Come era naturale attendersi la mozione approvata ieri sera dal consiglio comunale che obbliga i richiedenti spazi pubblici ad allegare una dichiarazione di adesione ai principi costituzionali sul ripudio di fascismo e nazismo,  come tra l’altro previsto dalla 12esima disposizione transitoria, ha suscitato una ridda di prese di posizione diverse.

Cominciamo dal partito salviniano dichiaratamente contrario alla mozione definendola inutile, “una follia, da parte della sinistra che non accetta la sconfitta elettorale” e invitando il consiglio ad occuparsi delle emergenze; i maggiori strali li hanno riservato, ovviamente, alla mozione che censura il loro leader nazionale. L’ultimo passaggio del comunicato lo riserva alla destra che ha appoggiato Tranchida e allo stesso: “ la coalizione era solo una soluzione elettorale per arrivare alle poltrone che interessavano”.

Stessi toni e stesse argomentazioni anche da parte del consigliere comunale Gianformaggio che alla stampa a mò di comunicato ha trasmesso il suo intervento in aula, compreso del rituale saluto al Presidente e ai consiglieri. Cosa scrive e  cosa ha detto in aula Gianformaggio?

Che la mozione addirittura “si pone in chiaro e stridente contrasto con i valori costituzionali  che si vorrebbero difendere ”. Cita l’art.21 della Costituzione sulla libertà di espressione – tanto cara a noi giornalisti – aggiungiamo a sproposito perché  ideologie fasciste e naziste sono sempre fuorilegge e non possono essere confusi con la libertà di espressione. Ma Gianformaggio non intende cogliere la differenza e addirittura scrive che “ appare paradossale che si voglia difendere la costituzione attraverso la violazione di uno dei principi cardine”, ritiene illegittima la mozione, si accoda a chi ritiene che il consiglio debba occuparsi d’altro, poi a mitigare il suo pensiero sente il dovere di far sapere che è “lungi da me prendere posizione a favore di ideologie totalitarie”. Boh!

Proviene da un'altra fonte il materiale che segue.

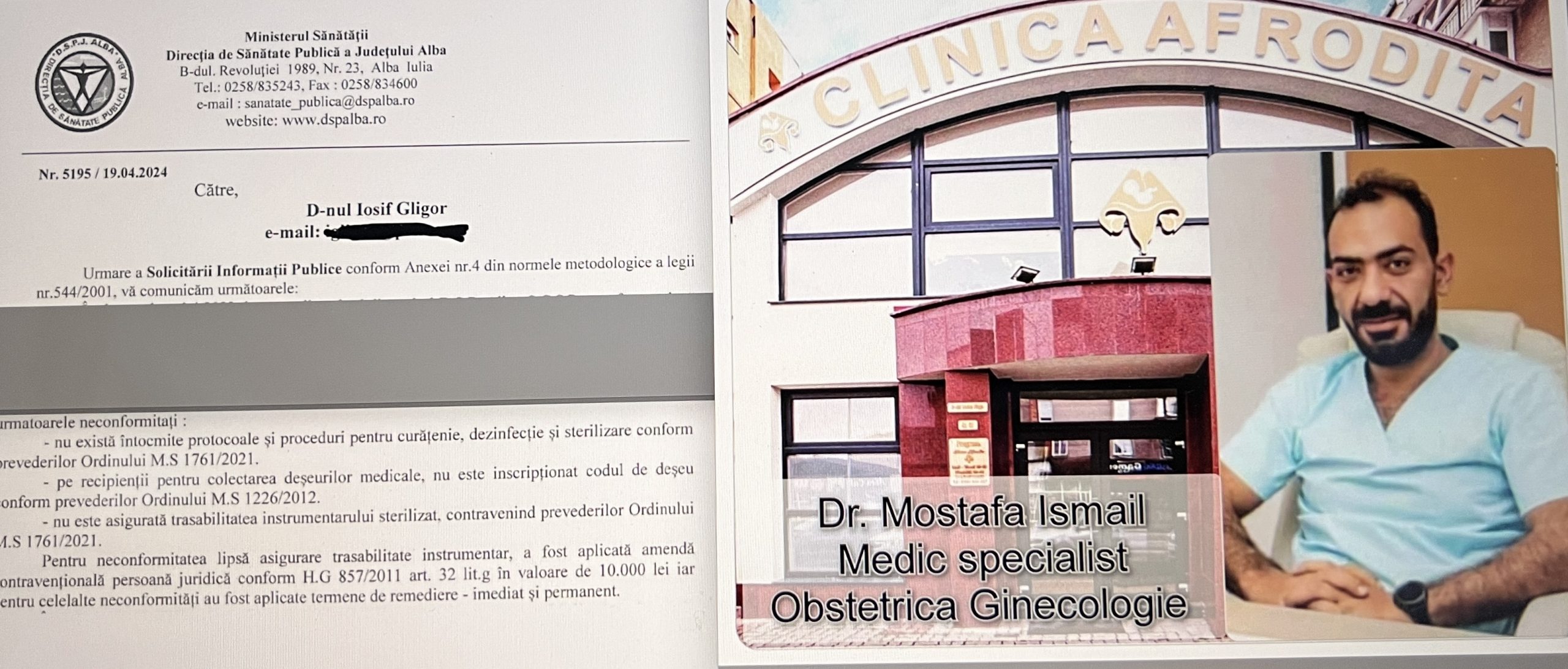 10.000 DE LEI AMENDA pentru Afrodita Sebes, clinica ginecologului Mostafa Ismail!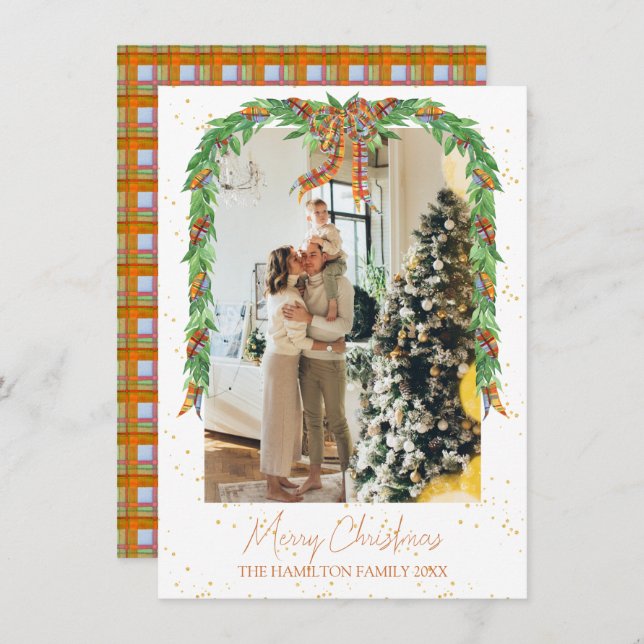 Plaid Orange Bow Garland Photo Christmas   Holiday Card (Front/Back)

Questi i contrari, mancano le prese di posizione dell’ex deputato Michele Rallo e del sindaco di Custonaci Bica, ma è certo che arriveranno.

I favorevoli. Per primo è stato il segretario del PD Marco Campagna, si dichiara soddisfatto del voto sulla mozione antifascista: “E’ una bella giornata per Trapani che dimostra di essere ancorata ai valori dell’antifascismo”, plaude alla consigliere Passalacqua prima firmataria della mozione di censura a Salvini, preferisce non esprimersi sulle divisioni che comunque hanno segnato la maggioranza; dalla sua segreteria tengono a sottolineare comunque le distanze politiche esistenti con la consigliera Spada, eletta nelle file del movimento del presidente Guaiana, e di Daidone che annoverano tra i cosiddetti “fazziani” arrivati in soccorso dell’allora candidato sindaco poi eletto Giacomo Tranchida.

La conclusione di Campagna è che “dalla città capoluogo arriva un segnale importante di opposizione sociale e politica a questo governo”. Nazionale, ovviamente.

Più  complessa e molto politica la dichiarazione del consigliere Safina, ovviamente entusiasta dell’approvazione delle due mozioni al cui successo ha dato un importante contributo. Non dimentica il suo ruolo politico, si rende conto delle divisioni, dell’assenza “rumorosa” del Sindaco nell’aula consiliare, prova a fare distinzioni: “la mozione aveva ad oggetto un atto politico non rientrante nell’accordo di governo votato dai cittadini, pertanto non può parlarsi, aggiunge, di divisione della maggioranza. Sarebbe stata cosa diversa se si fosse manifestata su questioni trattate nell’accordo di governo.

Sino ad oggi, conclude, la maggioranza ha trattato questioni  relative alla città in modo coeso e rispettoso del patto votato dai cittadini”.  Spiace per Safina che ha fatto il più interessante e brillante intervento in quella seduta del consiglio comunale, ma  come scusante delle divisioni sembra aver preso a prestito Salvini e  Di Maio.

Infine c’è, e non poteva mancare, la presa di posizione dell’ANPI che potrete leggere in altra parte del giornale.